STUDY MATERIAL Start Marker
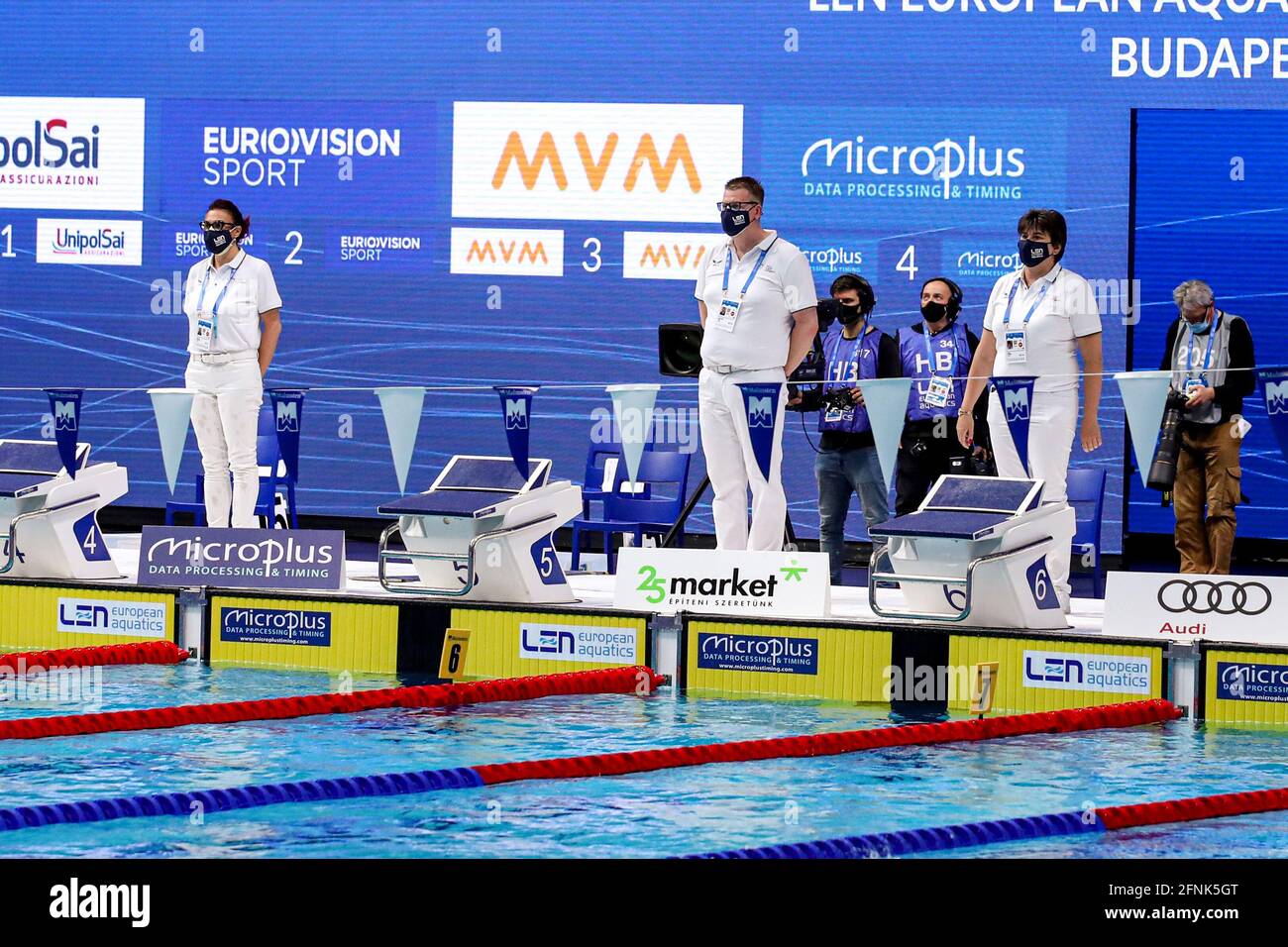 BUDAPEST, HUNGARY - MAY 17: Judge Ben van Zeil during the LEN European Aquatics Championships Swimming at Duna Arena on May 17, 2021 in Budapest, Hungary (Photo by Marcel ter Bals/Orange Pictures) Credit: Orange Pics BV/Alamy Live News Stock Photo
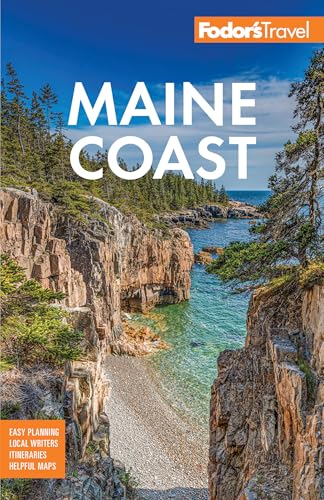 Fodor's Maine Coast guidebook with rocky coastline and blue water.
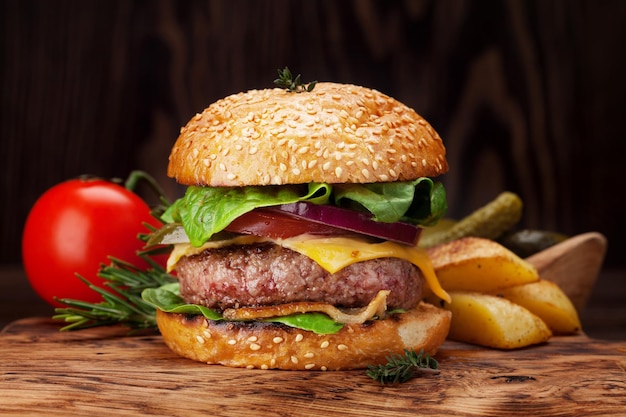 Sabrosa hamburguesa casera a la parrilla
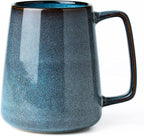 24 oz Large Blue Ceramic Coffee Mug with Big Handle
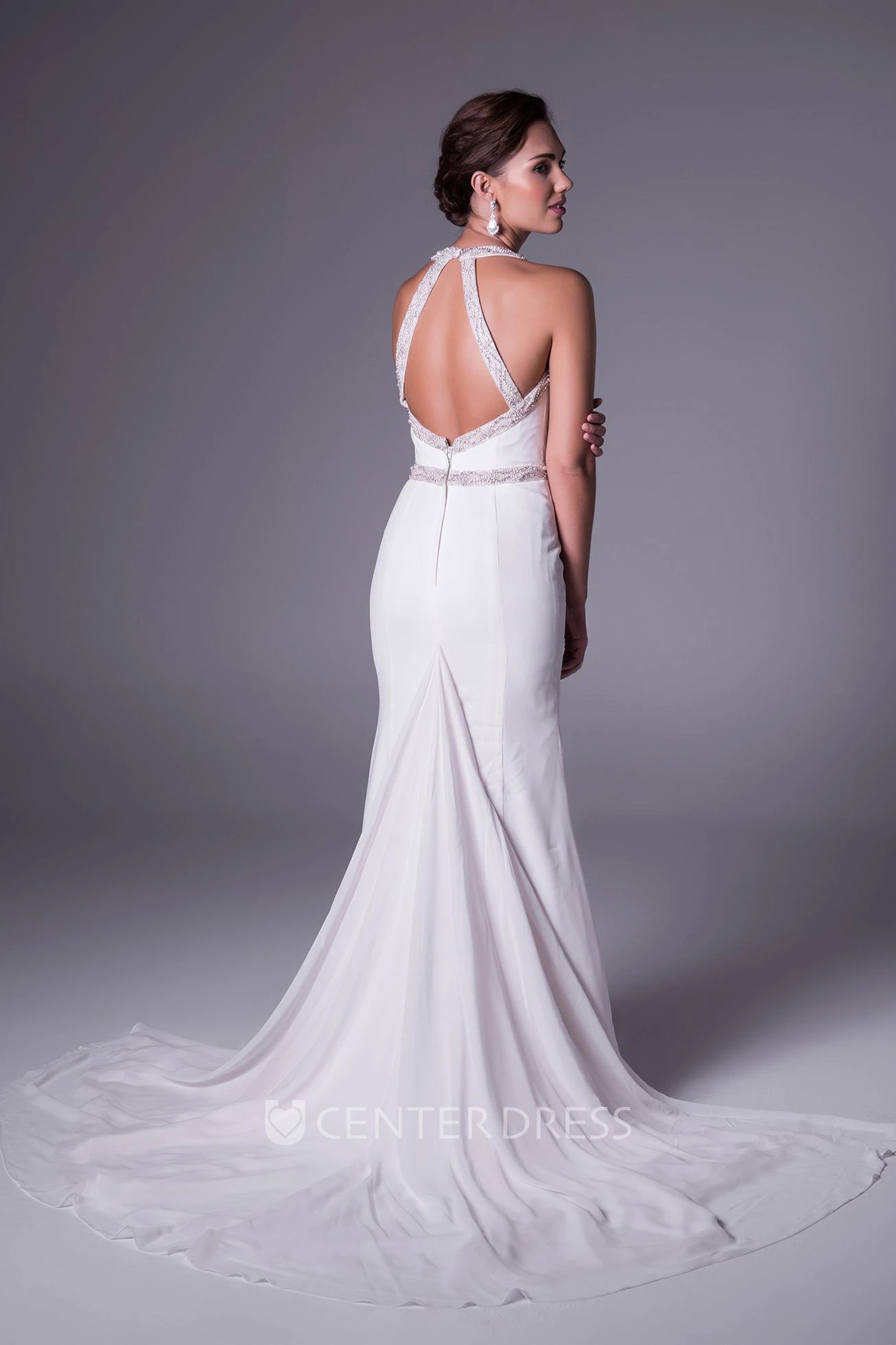 Sheath Ruched Haltered Long Sleeveless Chiffon Wedding Dress With Waist Jewellery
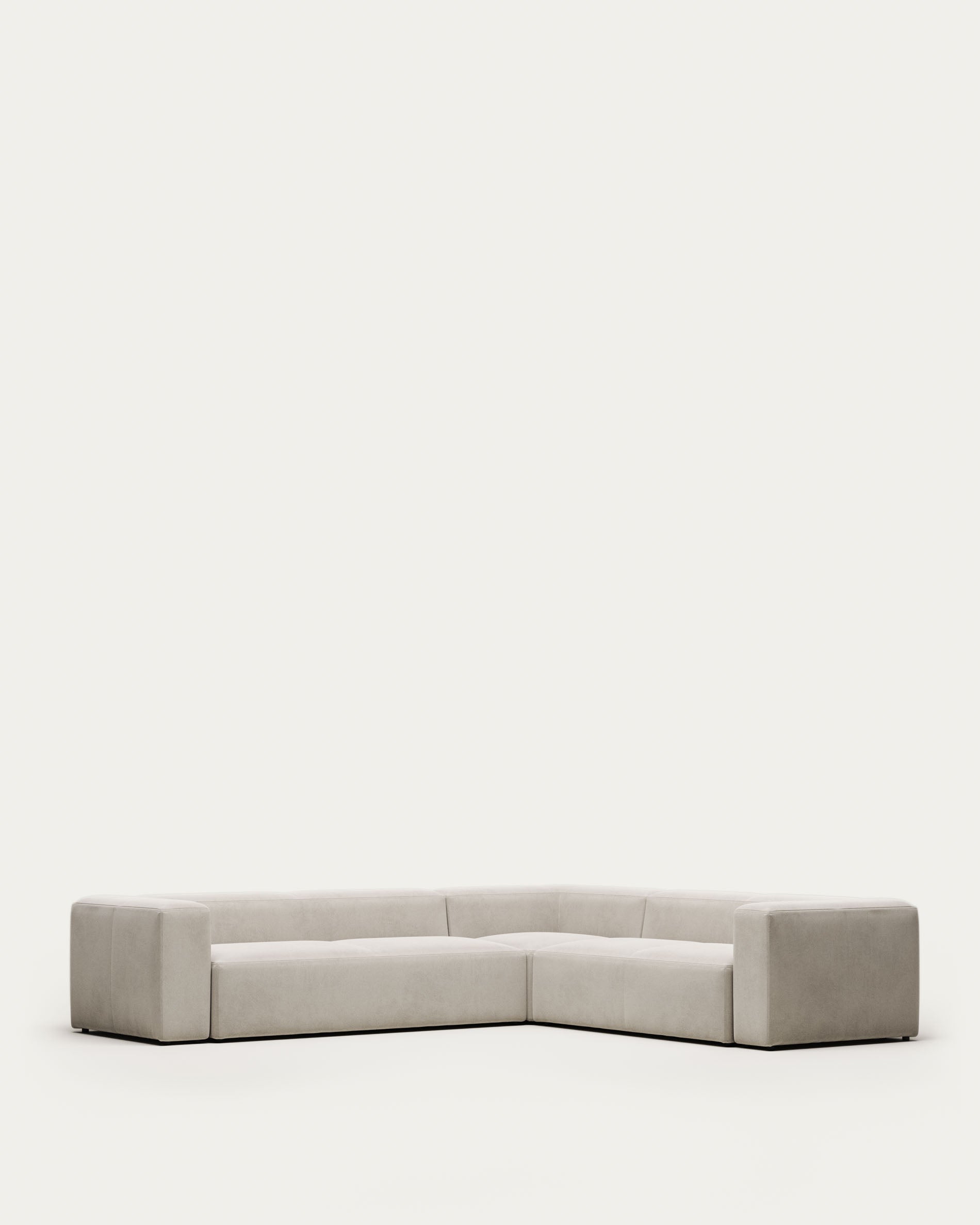 Blok 5-Sitzer-Ecksofa in Weiss 320 x 290 cm / 290 x 320 cm FR in Grau präsentiert im Onlineshop von KAQTU Design AG. Ecksofa ist von Kave Home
STUDY MATERIAL End Marker
* **AIM OF THE EXERCISE**
Copy out the entries exactly as they stand, omitting the images.

* **RESULT FOR THIS EXERCISE**
 BUDAPEST, HUNGARY - MAY 17: Judge Ben van Zeil during the LEN European Aquatics Championships Swimming at Duna Arena on May 17, 2021 in Budapest, Hungary (Photo by Marcel ter Bals/Orange Pictures) Credit: Orange Pics BV/Alamy Live News Stock Photo
 Fodor's Maine Coast guidebook with rocky coastline and blue water.
 Sabrosa hamburguesa casera a la parrilla
 24 oz Large Blue Ceramic Coffee Mug with Big Handle
 Sheath Ruched Haltered Long Sleeveless Chiffon Wedding Dress With Waist Jewellery
 Blok 5-Sitzer-Ecksofa in Weiss 320 x 290 cm / 290 x 320 cm FR in Grau präsentiert im Onlineshop von KAQTU Design AG. Ecksofa ist von Kave Home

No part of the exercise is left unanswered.